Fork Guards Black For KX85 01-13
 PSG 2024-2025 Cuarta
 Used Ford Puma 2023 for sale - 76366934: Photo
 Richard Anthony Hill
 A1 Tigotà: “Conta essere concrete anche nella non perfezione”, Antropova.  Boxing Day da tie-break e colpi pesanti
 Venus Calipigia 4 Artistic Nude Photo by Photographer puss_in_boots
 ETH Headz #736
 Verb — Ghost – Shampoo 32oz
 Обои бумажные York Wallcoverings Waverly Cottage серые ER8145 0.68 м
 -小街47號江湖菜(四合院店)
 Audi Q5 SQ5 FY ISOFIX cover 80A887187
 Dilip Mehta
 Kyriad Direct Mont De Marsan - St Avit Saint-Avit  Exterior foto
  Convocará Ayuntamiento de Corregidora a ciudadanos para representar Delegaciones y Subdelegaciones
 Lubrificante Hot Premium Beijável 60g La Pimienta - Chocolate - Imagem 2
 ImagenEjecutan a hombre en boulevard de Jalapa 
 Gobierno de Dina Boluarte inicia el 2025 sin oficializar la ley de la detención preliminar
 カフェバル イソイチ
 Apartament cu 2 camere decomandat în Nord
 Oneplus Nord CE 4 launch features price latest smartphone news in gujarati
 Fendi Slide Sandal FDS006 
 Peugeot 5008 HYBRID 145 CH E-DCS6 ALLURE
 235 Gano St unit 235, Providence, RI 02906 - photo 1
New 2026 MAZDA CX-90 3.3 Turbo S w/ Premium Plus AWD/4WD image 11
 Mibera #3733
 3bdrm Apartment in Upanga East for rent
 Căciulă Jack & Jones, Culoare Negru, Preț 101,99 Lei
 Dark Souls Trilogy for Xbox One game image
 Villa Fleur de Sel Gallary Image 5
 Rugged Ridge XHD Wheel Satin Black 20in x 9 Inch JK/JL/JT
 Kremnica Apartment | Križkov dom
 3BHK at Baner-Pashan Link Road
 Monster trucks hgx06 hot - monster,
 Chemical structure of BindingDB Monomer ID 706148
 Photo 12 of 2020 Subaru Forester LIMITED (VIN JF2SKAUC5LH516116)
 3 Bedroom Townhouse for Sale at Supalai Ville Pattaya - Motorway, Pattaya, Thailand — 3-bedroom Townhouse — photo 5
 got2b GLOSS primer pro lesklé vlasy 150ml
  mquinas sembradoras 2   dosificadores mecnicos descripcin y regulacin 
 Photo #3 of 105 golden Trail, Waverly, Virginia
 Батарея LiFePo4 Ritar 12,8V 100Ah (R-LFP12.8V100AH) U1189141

____________________

WHAT THE EXERCISE ASKS: Would you retype exactly the lines above, from the line with "Richard Anthony Hill" to the line with "Dilip Mehta", with both end lines kept and nothing more?

EXERCISE RESPONSE:
 Richard Anthony Hill
 A1 Tigotà: “Conta essere concrete anche nella non perfezione”, Antropova.  Boxing Day da tie-break e colpi pesanti
 Venus Calipigia 4 Artistic Nude Photo by Photographer puss_in_boots
 ETH Headz #736
 Verb — Ghost – Shampoo 32oz
 Обои бумажные York Wallcoverings Waverly Cottage серые ER8145 0.68 м
 -小街47號江湖菜(四合院店)
 Audi Q5 SQ5 FY ISOFIX cover 80A887187
 Dilip Mehta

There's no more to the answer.